Por exemplo, com relação ao “caput” do art. 790-B, também apreciado no mesmo julgamento, se o efeito fosse meramente o da extração da expressão “ainda que beneficiária da justiça gratuita”, o que restaria ou seria um texto que nada acrescenta na dinâmica processual, vez que passaria a dizer aquilo que há muito já se sabe e que se aplica cotidianamente, qual seja, que “a responsabilidade pelo pagamento dos honorários periciais é da parte sucumbente na pretensão objeto da perícia”, ou seria um autêntico contrassenso com relação ao quanto restou definido no julgamento da ADI 5766, pois permitiria entender que a condenação ao objeto em questão se aplicaria à parte sucumbente independente de se perquirir acerca da sua condição econômica.
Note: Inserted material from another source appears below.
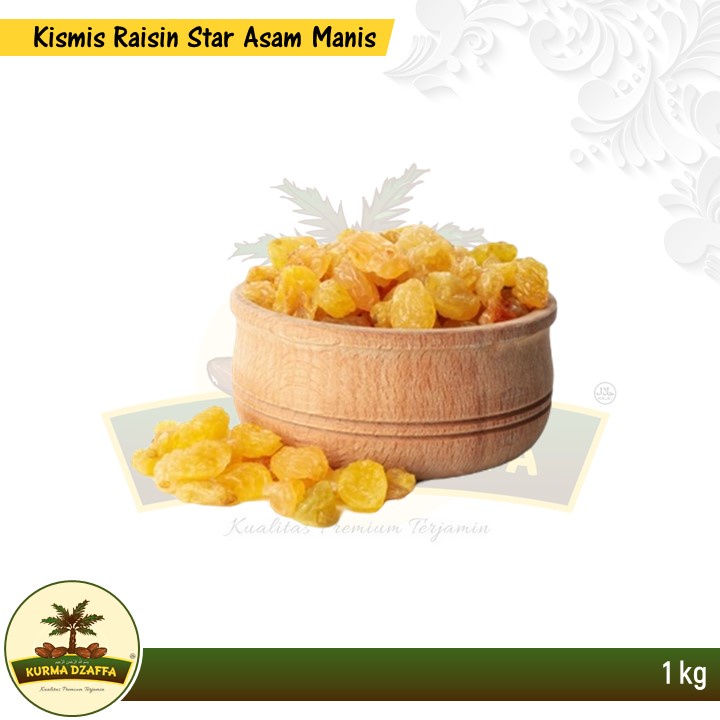 

Kismis Golden Asam Manis 1 kg | Raisin Star Oleh Oleh Haji dan Umroh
Afinal, o texto não traria mais qualquer distinção quanto à obrigação frente aos efeitos da sucumbência nos pedidos dependentes de perícia técnica, aplicando-se a todos, pois, como se diz, “onde a lei não distingue, não cabe ao intérprete fazê-lo”.
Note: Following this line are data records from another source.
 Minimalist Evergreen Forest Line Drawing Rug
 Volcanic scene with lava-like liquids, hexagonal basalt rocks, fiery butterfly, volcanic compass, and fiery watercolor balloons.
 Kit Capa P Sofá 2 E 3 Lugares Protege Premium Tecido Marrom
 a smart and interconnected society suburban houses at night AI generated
Concretamente, a única inovação trazida no texto em questão diz respeito ao direcionamento do custo dos honorários periciais também ao beneficiário da justiça gratuita e ao se declarar a inconstitucionalidade desta parte (como preferem delimitar alguns), nada restaria de juridicamente aproveitável no texto.
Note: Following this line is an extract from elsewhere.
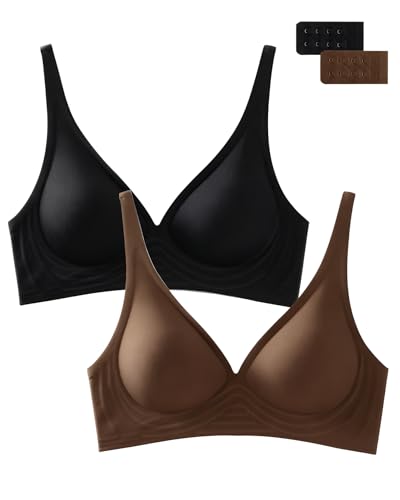 Image of Deep V Bra Wireless Sexy Push Up Bralette Padded Seamless Jelly Bra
Igual efeito se produziria com relação ao § 2o do art. 844, da CLT, também integrado ao mesmo julgamento.
Aliás, neste caso, se admitida a ideia de fatiamento na declaração de inconstitucionalidade do texto em questão, a inconsistência seria ainda maior.
Ora, ao se extrair do referido dispositivo a expressão “ainda que beneficiário da justiça gratuita”, o que restaria é, sem dúvida alguma, uma afronta explícita ao entendimento fixado pelo STF. Com efeito, o teor do dispositivo assim ficaria: “Na hipótese de ausência do reclamante, este será condenado ao pagamento das custas calculadas na forma do art. 789 desta Consolidação, salvo se comprovar, no prazo de quinze dias, que a ausência ocorreu por motivo legalmente justificável.”
Desse modo, a condenação do reclamante, ausente à audiência, ao pagamento de custas, somente seria excluída diante da comprovação, no prazo de quinze dias, de que a ausência ocorreu por motivo legalmente justificável.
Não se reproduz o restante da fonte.